What you need to do - Your answer must be an exact copy of the records, minus any pictures.

Extracted entries -
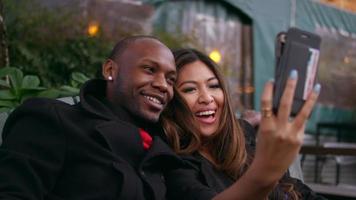 ett par som sitter på en parkbänk och tar selfies video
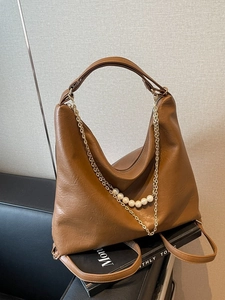 Brown faux leather tote bag with gold chains and pearl charms shown in a lifestyle setting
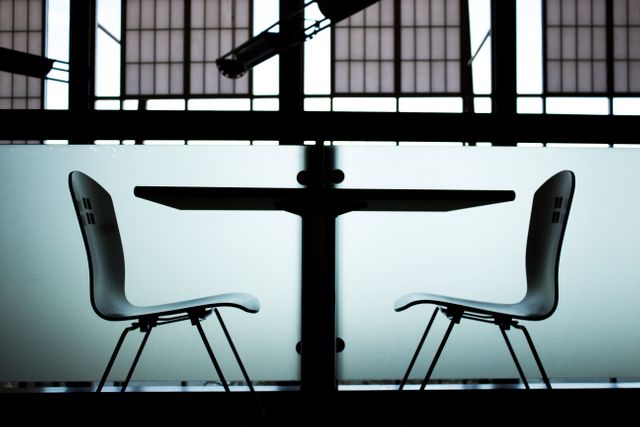 Empty modern chairs and table in an office setting - Download Free Stock Photos Pikwizard.com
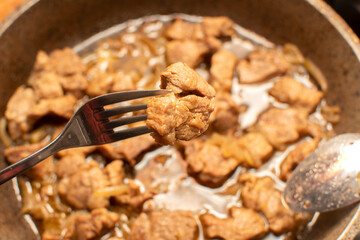 Fried meat on a fork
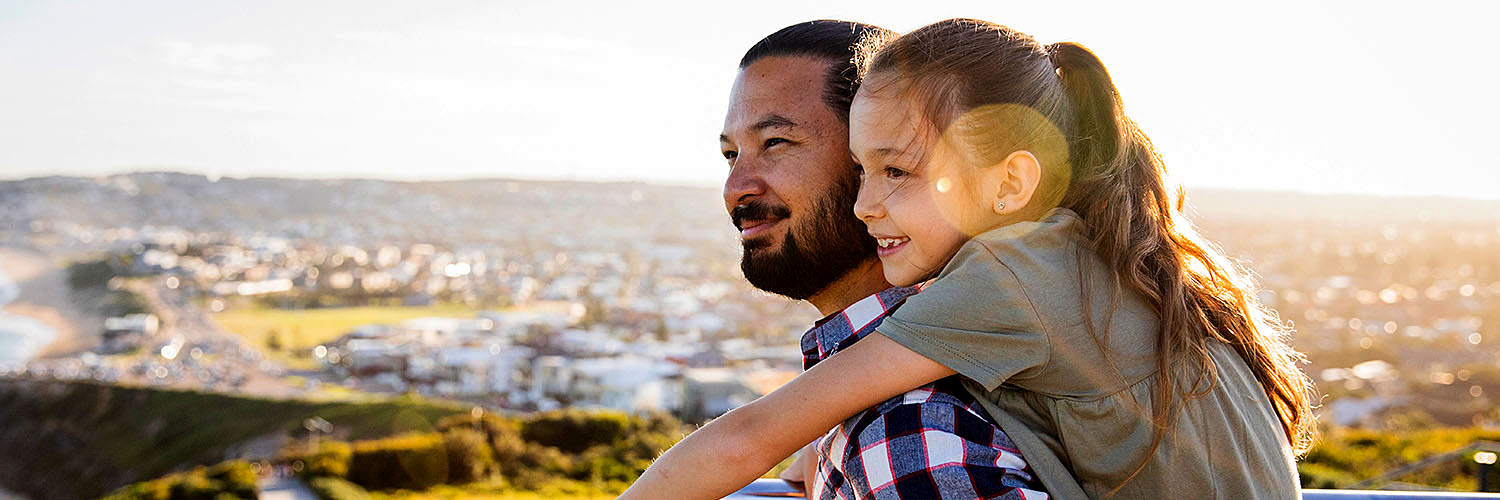 Father and daughter enjoying a walk along the Newcastle Memorial Walk, The Hill. Credit: Destination NSW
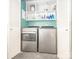 Bright laundry area features washer, dryer, and built-in shelving, creating a functional space at 4455 Hampton Rd, Salisbury, NC 28144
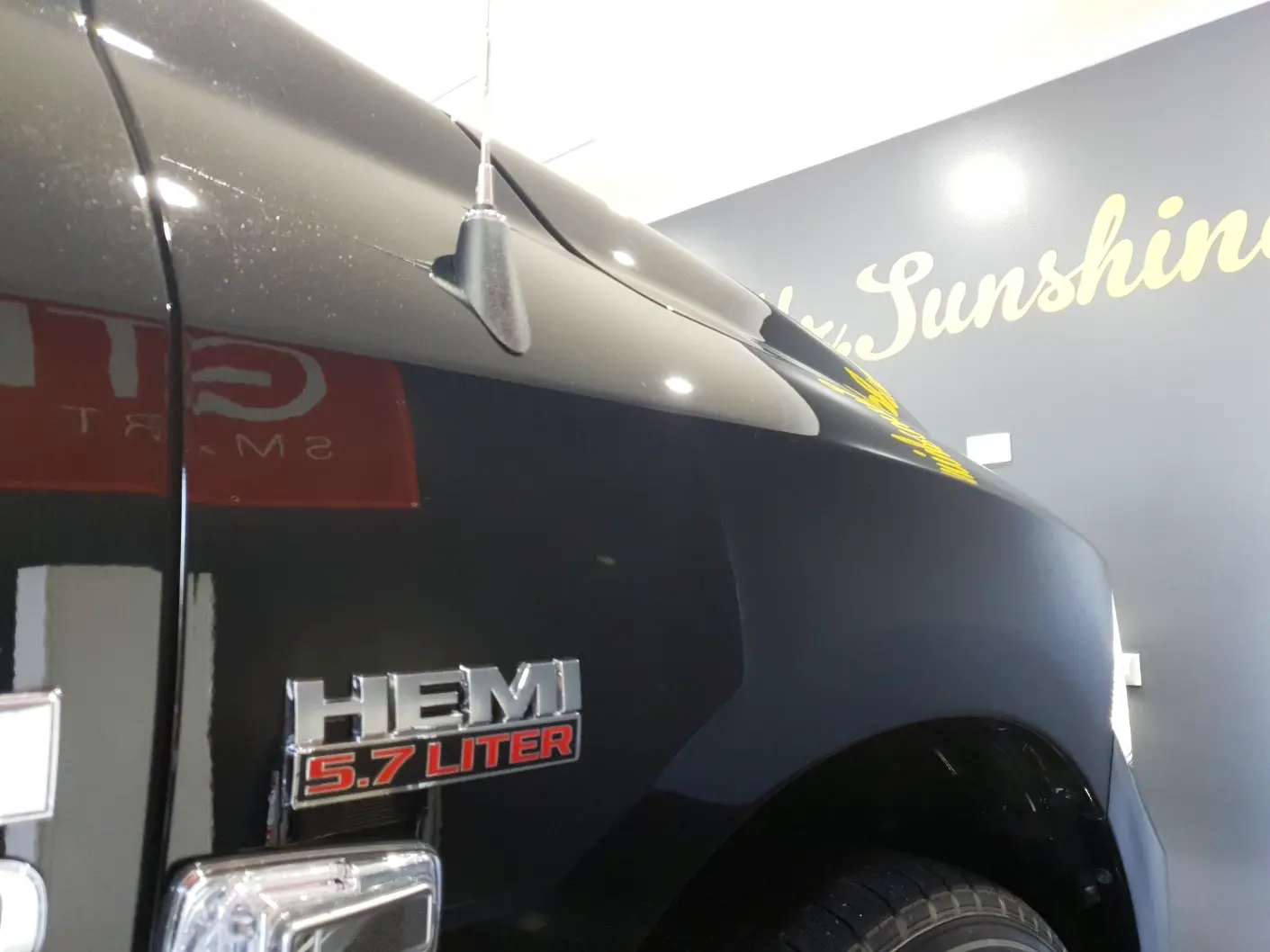 Close-up of a black vehicle with a "HEMI 5.7 Liter" badge on the side and partial view of a headlight and tire. Script lettering reading "Sunshine" is visible in the background.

Output of the task -
 ett par som sitter på en parkbänk och tar selfies video
 Brown faux leather tote bag with gold chains and pearl charms shown in a lifestyle setting
 Empty modern chairs and table in an office setting - Download Free Stock Photos Pikwizard.com
 Fried meat on a fork
 Father and daughter enjoying a walk along the Newcastle Memorial Walk, The Hill. Credit: Destination NSW
 Bright laundry area features washer, dryer, and built-in shelving, creating a functional space at 4455 Hampton Rd, Salisbury, NC 28144
 Close-up of a black vehicle with a "HEMI 5.7 Liter" badge on the side and partial view of a headlight and tire. Script lettering reading "Sunshine" is visible in the background.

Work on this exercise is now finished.